## What the task requires
Go to the line in the entries below that holds "Office Bench : Office" and repeat exactly from there through the line that holds "Valentino Cady Couture", inclusive.

## Listed entries
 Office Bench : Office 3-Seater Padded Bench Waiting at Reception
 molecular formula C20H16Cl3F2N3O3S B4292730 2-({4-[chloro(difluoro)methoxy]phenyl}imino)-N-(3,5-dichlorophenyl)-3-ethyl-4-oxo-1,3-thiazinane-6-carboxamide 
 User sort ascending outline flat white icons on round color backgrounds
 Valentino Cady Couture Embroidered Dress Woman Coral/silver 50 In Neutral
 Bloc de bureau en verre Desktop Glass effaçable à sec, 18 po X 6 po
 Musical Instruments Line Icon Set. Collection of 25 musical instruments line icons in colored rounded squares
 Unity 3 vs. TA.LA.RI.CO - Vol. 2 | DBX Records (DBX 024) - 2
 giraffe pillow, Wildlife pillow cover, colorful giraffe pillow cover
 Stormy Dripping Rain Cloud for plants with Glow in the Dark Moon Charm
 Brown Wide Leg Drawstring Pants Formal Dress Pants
==
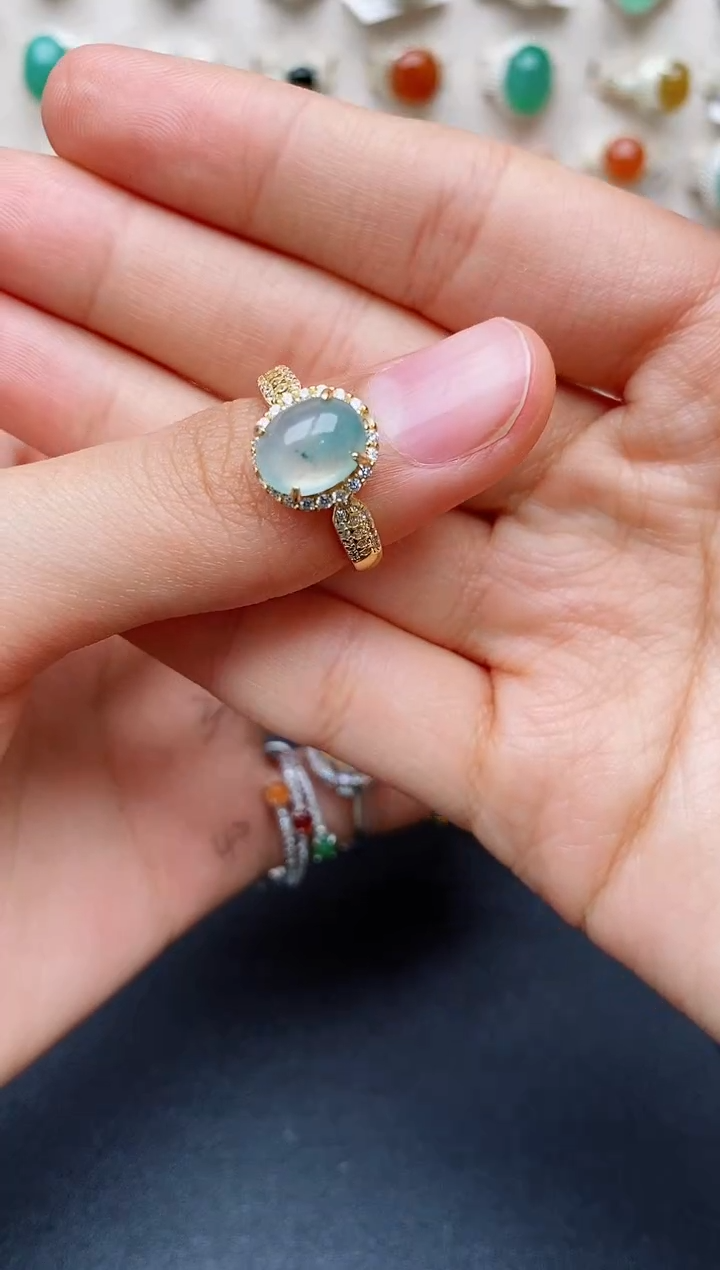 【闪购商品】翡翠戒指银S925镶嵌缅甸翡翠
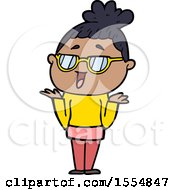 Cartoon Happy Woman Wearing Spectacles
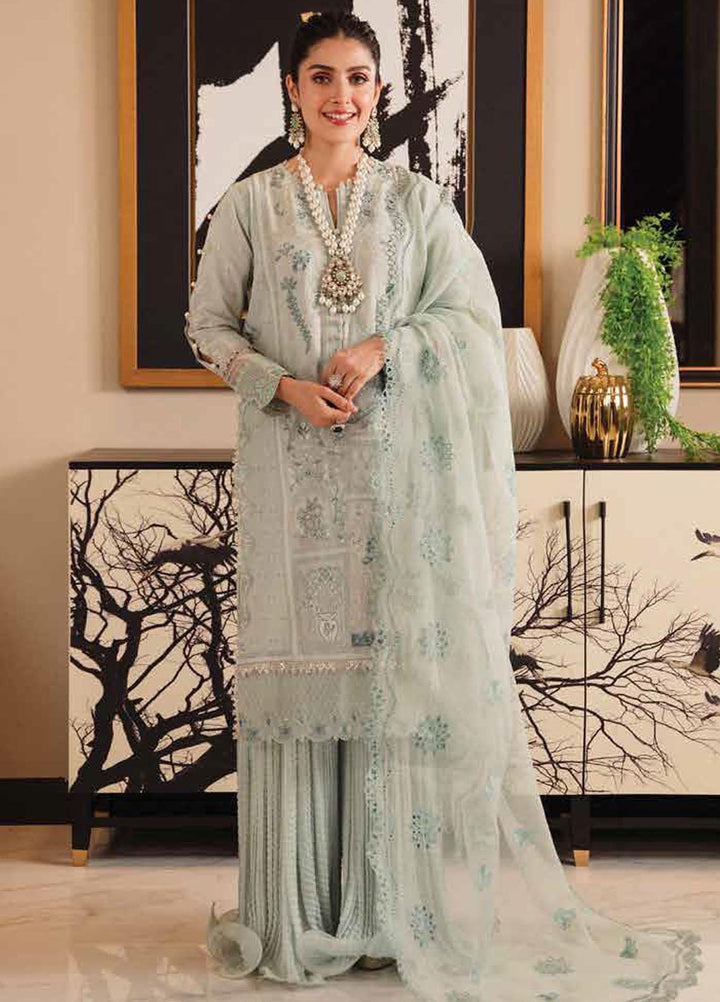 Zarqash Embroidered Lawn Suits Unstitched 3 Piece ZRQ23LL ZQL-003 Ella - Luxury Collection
...
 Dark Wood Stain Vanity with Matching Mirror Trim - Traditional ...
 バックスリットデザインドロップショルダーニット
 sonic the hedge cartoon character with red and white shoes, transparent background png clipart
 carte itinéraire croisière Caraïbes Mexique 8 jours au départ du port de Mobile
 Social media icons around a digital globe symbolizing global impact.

## Solution
 Office Bench : Office 3-Seater Padded Bench Waiting at Reception
 molecular formula C20H16Cl3F2N3O3S B4292730 2-({4-[chloro(difluoro)methoxy]phenyl}imino)-N-(3,5-dichlorophenyl)-3-ethyl-4-oxo-1,3-thiazinane-6-carboxamide 
 User sort ascending outline flat white icons on round color backgrounds
 Valentino Cady Couture Embroidered Dress Woman Coral/silver 50 In Neutral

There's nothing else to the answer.